### Assignment
Beginning at the first line of the material, output each line exactly until you reach and include the line containing "The Chart Guys". Leave every picture out.

### Information shown
<<<<
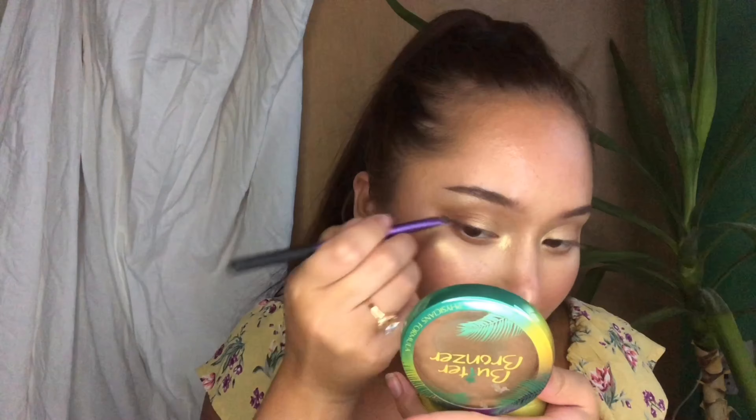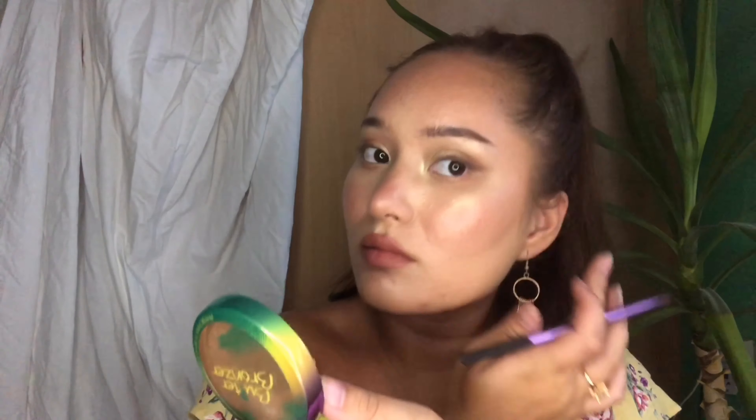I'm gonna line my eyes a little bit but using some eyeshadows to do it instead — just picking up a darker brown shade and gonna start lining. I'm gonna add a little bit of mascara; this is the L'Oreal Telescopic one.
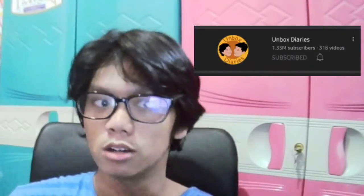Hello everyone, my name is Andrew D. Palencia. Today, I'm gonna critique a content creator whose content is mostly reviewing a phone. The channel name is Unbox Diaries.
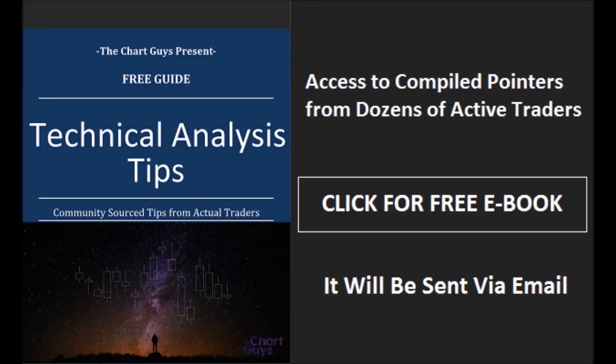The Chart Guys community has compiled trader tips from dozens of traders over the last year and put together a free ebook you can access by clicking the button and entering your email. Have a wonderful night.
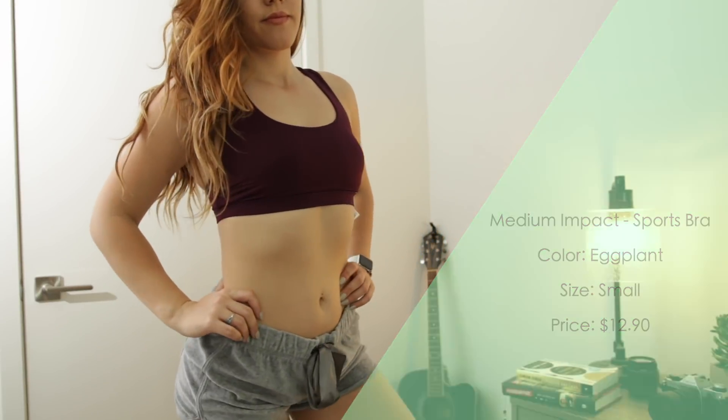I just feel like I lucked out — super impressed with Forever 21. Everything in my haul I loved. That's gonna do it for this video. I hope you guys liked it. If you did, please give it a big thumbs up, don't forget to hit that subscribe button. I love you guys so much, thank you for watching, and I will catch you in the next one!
>>>>
### Final answer
I'm gonna line my eyes a little bit but using some eyeshadows to do it instead — just picking up a darker brown shade and gonna start lining. I'm gonna add a little bit of mascara; this is the L'Oreal Telescopic one.
Hello everyone, my name is Andrew D. Palencia. Today, I'm gonna critique a content creator whose content is mostly reviewing a phone. The channel name is Unbox Diaries.
The Chart Guys community has compiled trader tips from dozens of traders over the last year and put together a free ebook you can access by clicking the button and entering your email. Have a wonderful night.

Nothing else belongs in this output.